Whatever you think you can get. Sounds right, but around here I know its much, much less. Closer to .30/ft


----------



## Paintlife (Jun 18, 2010)

NCPaint1,

When you say .30/ft do you mean material only? That is what I figured close to material cost. this will be a competitive bid, I think maybe only 3 or 4 other guys will attempt this project. I am trying to get out from all the small jobs that are under $50,000 range. Too much competition. When you get over $50,000 dollar range on a project that is funded with government money or $100,000 for private money you have to have a state issued C.O.R. # which I have just received. This will be the 1st job out the shoot after receiving state license. Sorry about the ramble

Thanks for response.


----------



## aaron61 (Apr 29, 2007)

You are going to take on jobs this size with out knowing your own rates????
Good luck with that!


----------



## RCP (Apr 18, 2007)

Welcome to the forum, pricing questions are a touchy subject, unless you are willing to provide a lot more detail, such as your overhead, labor burden, material prices, equipment rental, etc, there is just no way to know. 

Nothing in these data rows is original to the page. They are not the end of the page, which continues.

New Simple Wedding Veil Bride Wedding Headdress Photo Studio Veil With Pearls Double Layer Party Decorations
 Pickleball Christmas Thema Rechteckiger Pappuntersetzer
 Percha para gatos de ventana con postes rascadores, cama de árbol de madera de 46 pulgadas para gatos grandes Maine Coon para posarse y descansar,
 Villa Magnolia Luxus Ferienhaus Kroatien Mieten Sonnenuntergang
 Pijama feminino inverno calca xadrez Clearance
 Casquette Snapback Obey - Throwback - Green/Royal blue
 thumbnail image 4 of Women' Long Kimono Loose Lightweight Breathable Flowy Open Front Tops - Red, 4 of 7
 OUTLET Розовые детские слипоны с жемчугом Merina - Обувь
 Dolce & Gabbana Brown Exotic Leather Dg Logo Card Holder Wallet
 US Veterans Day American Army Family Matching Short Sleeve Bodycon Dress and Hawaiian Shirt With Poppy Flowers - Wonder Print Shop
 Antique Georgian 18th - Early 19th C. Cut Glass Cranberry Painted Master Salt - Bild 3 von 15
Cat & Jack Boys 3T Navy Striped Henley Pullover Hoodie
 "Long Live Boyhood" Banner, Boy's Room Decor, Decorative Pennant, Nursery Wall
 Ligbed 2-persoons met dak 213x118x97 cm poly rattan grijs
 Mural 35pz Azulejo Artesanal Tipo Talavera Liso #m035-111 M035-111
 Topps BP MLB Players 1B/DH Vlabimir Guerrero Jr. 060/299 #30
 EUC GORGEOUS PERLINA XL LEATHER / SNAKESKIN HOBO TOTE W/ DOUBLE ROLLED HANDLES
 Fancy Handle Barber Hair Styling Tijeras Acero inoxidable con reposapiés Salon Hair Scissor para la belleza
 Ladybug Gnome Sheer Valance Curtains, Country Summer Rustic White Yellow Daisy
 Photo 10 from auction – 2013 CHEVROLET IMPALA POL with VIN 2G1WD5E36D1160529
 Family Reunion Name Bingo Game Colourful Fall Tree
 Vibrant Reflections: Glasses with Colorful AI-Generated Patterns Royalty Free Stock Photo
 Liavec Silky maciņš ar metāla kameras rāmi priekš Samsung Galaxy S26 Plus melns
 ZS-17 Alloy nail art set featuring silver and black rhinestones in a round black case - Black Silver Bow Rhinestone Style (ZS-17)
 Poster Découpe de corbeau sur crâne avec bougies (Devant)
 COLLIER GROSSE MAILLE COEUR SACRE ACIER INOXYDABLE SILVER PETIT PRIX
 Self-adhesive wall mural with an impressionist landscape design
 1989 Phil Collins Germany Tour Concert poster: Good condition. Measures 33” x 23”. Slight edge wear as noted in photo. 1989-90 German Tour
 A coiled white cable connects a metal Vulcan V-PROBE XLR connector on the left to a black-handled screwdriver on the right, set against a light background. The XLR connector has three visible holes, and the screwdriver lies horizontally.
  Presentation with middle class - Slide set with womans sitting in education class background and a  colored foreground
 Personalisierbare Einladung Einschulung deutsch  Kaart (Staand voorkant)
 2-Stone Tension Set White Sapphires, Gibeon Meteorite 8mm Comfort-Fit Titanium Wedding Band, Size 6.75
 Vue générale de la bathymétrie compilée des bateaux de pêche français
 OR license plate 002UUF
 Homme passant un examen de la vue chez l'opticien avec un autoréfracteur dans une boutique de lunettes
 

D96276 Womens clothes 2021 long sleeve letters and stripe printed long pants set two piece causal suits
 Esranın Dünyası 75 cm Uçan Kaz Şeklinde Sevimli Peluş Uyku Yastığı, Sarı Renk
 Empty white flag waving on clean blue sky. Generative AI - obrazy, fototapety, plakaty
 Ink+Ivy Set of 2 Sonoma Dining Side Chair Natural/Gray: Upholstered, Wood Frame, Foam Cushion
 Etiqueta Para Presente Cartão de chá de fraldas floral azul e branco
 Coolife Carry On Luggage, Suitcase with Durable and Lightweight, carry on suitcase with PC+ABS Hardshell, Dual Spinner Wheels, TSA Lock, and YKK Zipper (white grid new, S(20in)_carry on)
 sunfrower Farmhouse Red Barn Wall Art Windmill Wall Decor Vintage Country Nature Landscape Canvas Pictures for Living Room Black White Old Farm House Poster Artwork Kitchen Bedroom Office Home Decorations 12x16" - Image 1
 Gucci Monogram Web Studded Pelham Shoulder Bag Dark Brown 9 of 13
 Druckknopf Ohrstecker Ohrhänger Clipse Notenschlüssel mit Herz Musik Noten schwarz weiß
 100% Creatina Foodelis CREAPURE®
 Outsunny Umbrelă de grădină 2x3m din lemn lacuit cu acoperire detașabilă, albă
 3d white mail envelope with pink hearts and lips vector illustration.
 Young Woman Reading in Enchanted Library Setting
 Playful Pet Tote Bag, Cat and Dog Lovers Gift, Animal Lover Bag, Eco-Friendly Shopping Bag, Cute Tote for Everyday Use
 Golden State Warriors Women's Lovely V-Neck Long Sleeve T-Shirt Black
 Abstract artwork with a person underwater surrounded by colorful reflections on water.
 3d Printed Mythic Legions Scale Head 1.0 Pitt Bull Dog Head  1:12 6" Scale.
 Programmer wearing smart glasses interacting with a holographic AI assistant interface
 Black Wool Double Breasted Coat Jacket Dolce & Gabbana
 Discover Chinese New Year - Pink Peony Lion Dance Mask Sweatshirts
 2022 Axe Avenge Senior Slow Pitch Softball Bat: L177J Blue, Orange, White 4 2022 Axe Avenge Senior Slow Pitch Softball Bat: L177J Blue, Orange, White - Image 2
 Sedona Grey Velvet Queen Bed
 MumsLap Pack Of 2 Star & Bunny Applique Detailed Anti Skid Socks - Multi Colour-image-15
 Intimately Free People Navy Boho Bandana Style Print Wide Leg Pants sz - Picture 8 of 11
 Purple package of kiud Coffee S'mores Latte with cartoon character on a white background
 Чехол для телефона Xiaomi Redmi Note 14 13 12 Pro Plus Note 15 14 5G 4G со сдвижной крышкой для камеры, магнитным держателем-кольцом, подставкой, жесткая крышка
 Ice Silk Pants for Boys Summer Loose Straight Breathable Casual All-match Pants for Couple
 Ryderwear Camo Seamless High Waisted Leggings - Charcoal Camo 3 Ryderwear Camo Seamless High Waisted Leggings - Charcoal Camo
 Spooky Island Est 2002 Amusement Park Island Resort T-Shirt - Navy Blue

You might want to read this thread,
http://www.painttalk.com/f4/pricing-estimating-success-2779/

I'll leave this thread open, you may not get help on the price, but there are members who may wish to offer you some helpful advice.

Feel free to post an intro here as well.

Thanks


----------



## aaron61 (Apr 29, 2007)

RCP said:


> Welcome to the forum, pricing questions are a touchy subject, unless you are willing to provide a lot more detail, such as your overhead, labor burden, material prices, equipment rental, etc, there is just no way to know.
> 
> You might want to read this thread,
> http://www.painttalk.com/f4/pricing-estimating-success-2779/
> ...


If you can provide this plus the sqft of surface to be painted I will provide you with your sqft.price for a nominal fee.:whistling2:


----------



## NCPaint1 (Aug 6, 2009)

Maybe a better option is ask how much they're willing to pay.


----------



## aaron61 (Apr 29, 2007)

Paintlife said:


> What is a good rate per square ft for blockfill and paint 2 coats latex eggshell on new cmu walls. Total sq. ft of wall space is 117,000 sq. ft. Wall height is 10 ft. Job is commercial. New dorms for a local college in south MS. I am estimating this project. This is the biggest project we have priced to date. We are currently a small commercial painting company trying to take the next step. Does $1.50 per sqare ft seem about right for labor and material. It will mostly all be pump work.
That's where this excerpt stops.